Youre going to have to wait another year and a half for a reply 



I will write down some thoughts. I hesitate to let this be viewed as anything other than impressions. I have not used enough immersion blenders to really call this a "review".

My reason for seeking out a robust stick blender was that my previous two had broken quickly. The first was a cheap no name brand - I did not have any high expectations, so perhaps that data point should be removed. The second was a Breville:



Luftmensch said:


> Our most recent one that died was a basic two speed Breville. The motor was actually fine! It was the little plastic coupling that attaches the motor to the drive spindle of the blending arm. It cracked open, preventing it from transferring torque - just a nasty buzzing sound instead. I tried a hack fix but it didnt last long.



The electrics were fine! I suppose if I had been a better recycler, I may have found the correct replacement parts online. Anyway... off the back of this thread, I decided to get the Waring Light Duty Quik Stix. A local store had a promotion running that knocked $20 off the price. My reasons for looking at light duty commercial options were that I wanted a single purpose device that was durable. The Waring does appear to serve this role.

*What you get in the box*

If you want no frills, the Waring is about as simple as it gets! This could be a positive or a negative. The unit does not disassemble and allow different heads/bells to be mounted. There are no fancy attachments in the box. All you get is the blender....

*Aesthetics*

When we aren't using our immersion blender we store it in the back of a cupboard. To this end... I dont really care what it looks like. I would not call it outright ugly... but it is not winning any beauty contests either... or coming third place for that matter. In many ways it is quite neural looking. The black plastic, aluminium and polished steel create a fairly minimal looking tool. Each to their own...

*Build quality*

What I will say, is that they have not poured their budget into finish quality.

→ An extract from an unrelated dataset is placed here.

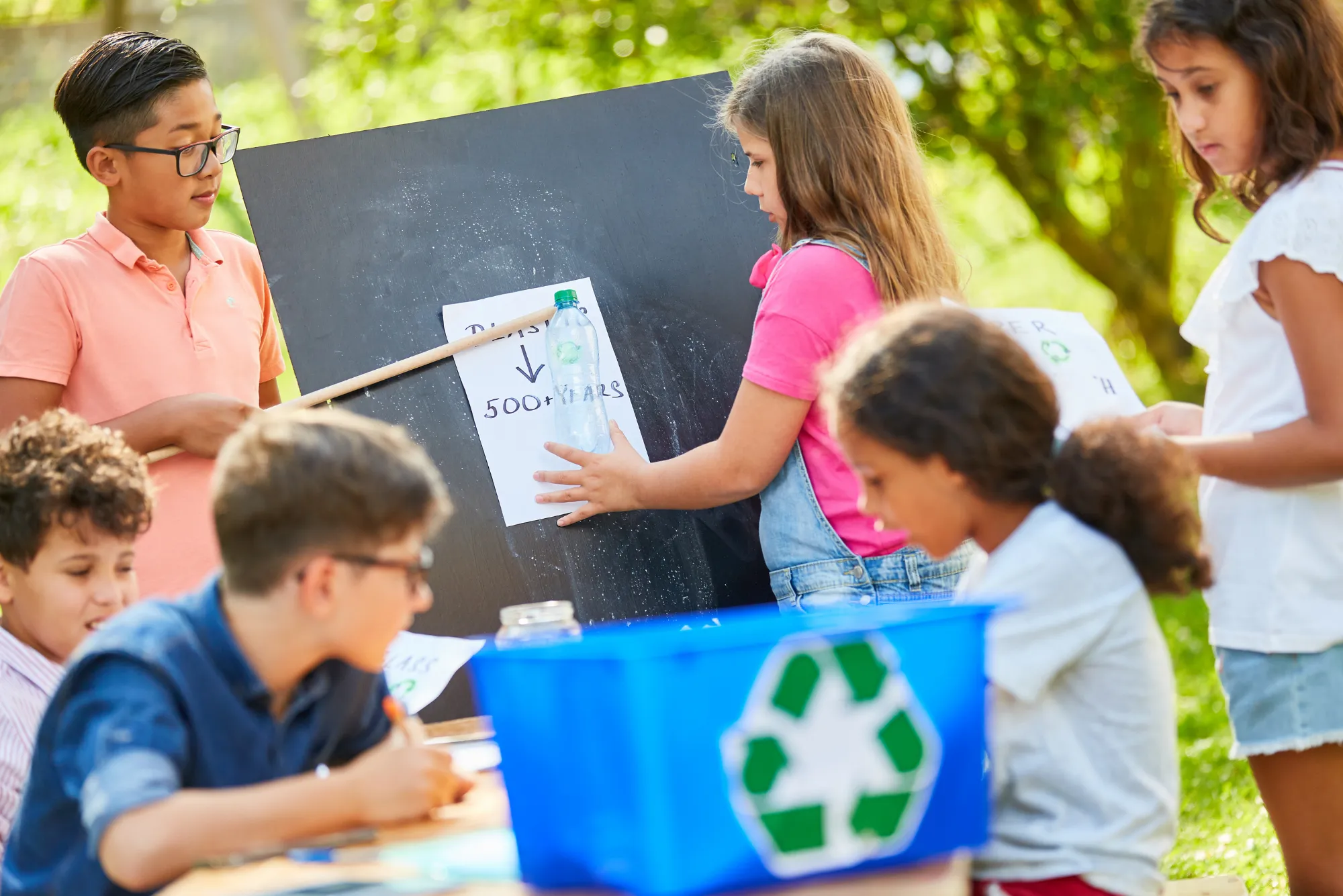 Cómo implementar programas de reciclaje en escuelas rurales como herramienta educativa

The plastic housing round the drive motor feels cheap. There is a big seam where the two halves join but it is rigid enough. With reasonable force, I cannot cause it to creek or flex. It is not indestructible either. The unit is top heavy (more on that later). It was standing upright in our drying rack and was predictably knocked over. It landed on one of the ribs in the steel rack and developed a small crack in the plastic where it meets the (cast?) aluminium cone that feeds into the stainless steel drive unit.

The switch mechanism activating the high and low settings produces a nice reassuring click. It gives the impression of being a quality component. However, I would say the rocker switch itself feels a little chintzy and plasticy. That said; I have had no problems with it.

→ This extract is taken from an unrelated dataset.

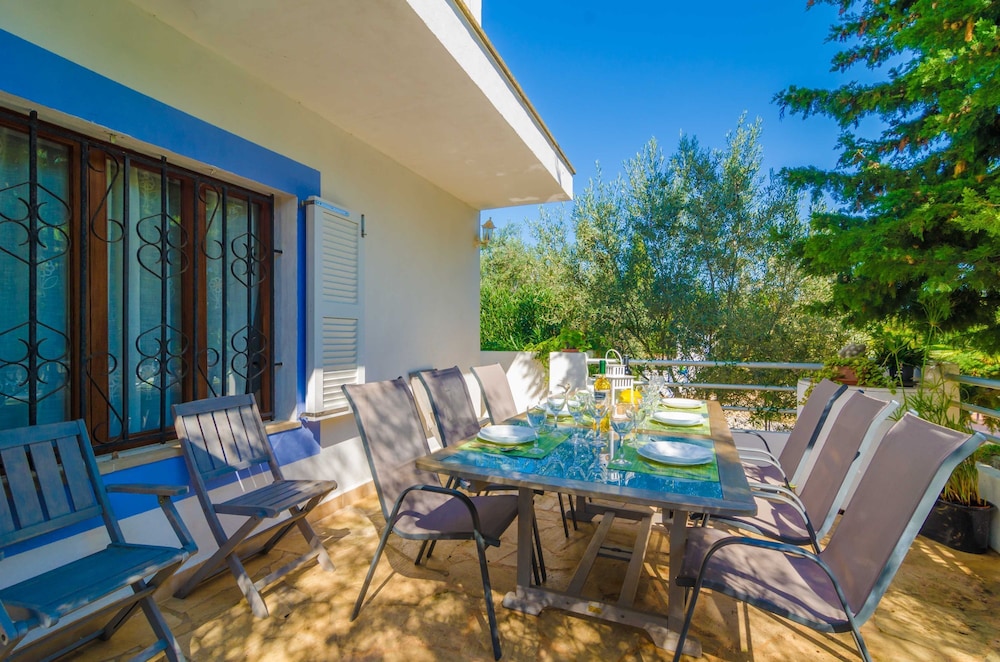 Villa photo 2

The fact that it is an integrated unit makes things simple. There are no detachable parts (apart from the replaceable blade). For this reason, I expect the drive train to last a long while. This was the main reason our previous Breville failed - the star coupling that drove the shaft in the detachable head split in two. I cant imagine something similar happening inside the Waring. Because it is a single unit, the bell and neck is very, very solidly attached. There is absolutely zero wiggle or play. I can't imagine it ever coming loose.

*Design*

There is not much to this unit.

It is chorded to mains power. I like that. I was looking for that. It means you get endless power and dont have to worry about a battery dying on you in 3-5 years. For some, this might be a disadvantage. I measure the chord to be a little less than two metres long - more than enough for the two kitchens I have used it in. It comes with a handy, plastic cable tie installed on the chord. If you have the patience, you can tidy up the chord for storage.

The depression wrapping around the blender at the switch is useful. It is deep enough that I can touch my thumb and index finger while holding the Waring. It is not particularly ergonomic but it is not uncomfortable either. It gives you a secure grasp of the device.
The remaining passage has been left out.